Model simulations suggest that climatic warming could increase forest fires, which would in turn alter future vegetation. Paleorecords of climate, fire, and vegetation can provide reality tests for such simulations. To assess how fire and vegetation may respond to climatic change at decadal to centennial scales, we conducted pollen and charcoal analyses of lake sediments representing four periods of major climatic change during the Holocene. (1) Paleoecologists have hypothesised that fire-regime changes at 8200 yr BP drove the expansion of important tree species, such as Fagus silvatica, in central Europe.

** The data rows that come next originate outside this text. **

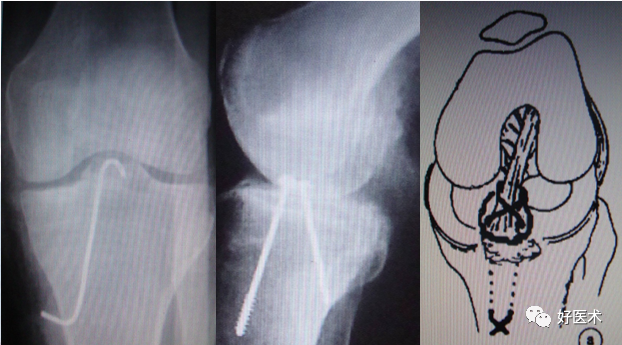 带线锚钉在创伤骨科中的妙用，你掌握了几种？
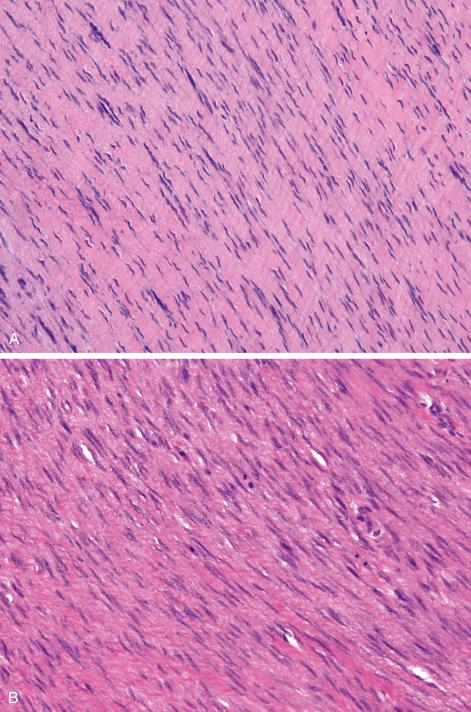 Fig. 9.7, Wavy, widely spaced cells arranged in parallel fashion often likened to a “school of fish” ( A ). Mitotic figures ( B ) and giant cells ( C ) may be seen in fibromatosis.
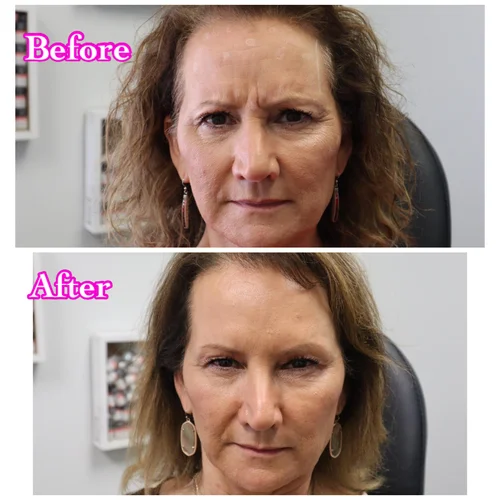 Face & Contour, before & after, photo 27 of 31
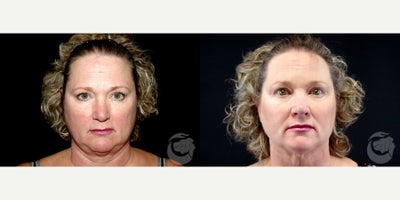 58 year old woman treated with Thread Lift - 58 year old woman treated with Thread Lift .Photos depict before and 3 months after 6 Instalift Sutures.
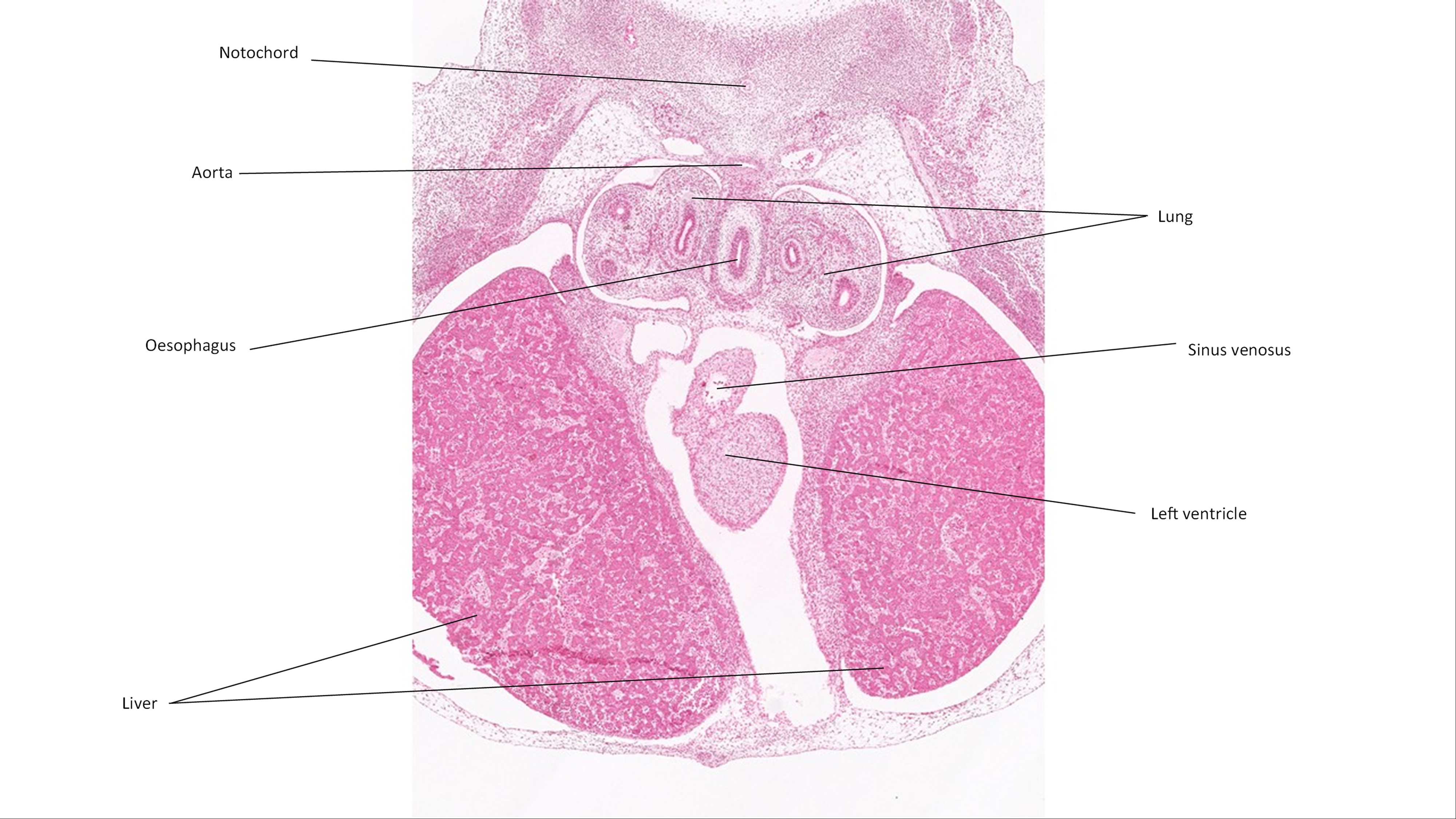 A histology section of a human embryo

Instead our cross-correlation analysis suggests that fire frequency variations in response to the 8200 yr BP cooling and the subsequent rapid warming did not substantially change forest composition. (2) Different disturbance agents, such as avalanches, grazing, and fire, as well as a climatic change to more oceanic conditions, have been considered as causes for the Holocene mass expansion of Alnus viridis in the Alps. Cross-correlation analysis shows that an increase in fire frequency promoted Alpine green alder when climate became warm and dry at 4200 yr BP. (3) Preliminary results from southeastern Alaska suggest that fire frequency increased in response to a climatic cooling at 2800 yr BP. This climatic change induced noticeable vegetational responses (e.g., an expansion of Alnus crispa, American green alder). However, time-series analysis shows that fire and most vegetational changes were not linked to each other. (4) In southeastern Alaska, regional fire frequency increased in response to cold and dry climatic conditions during the Little Ice Age (LIA, ca. 1500-1850 AD), whereas climatic warming after the LIA resulted in a marked decrease of fire frequency. For this period, cross-correlation analysis reveals that fire reinforced the climatically driven expansions of Alnus crispa and other disturbance-adapted species. Taken together our results suggest highly variable responses of fire and vegetation to Holocene climatic changes. The main factor influencing vegetation was climate whereas fire-frequency changes resulting from climatic variations did not always affect forest composition at regional scales.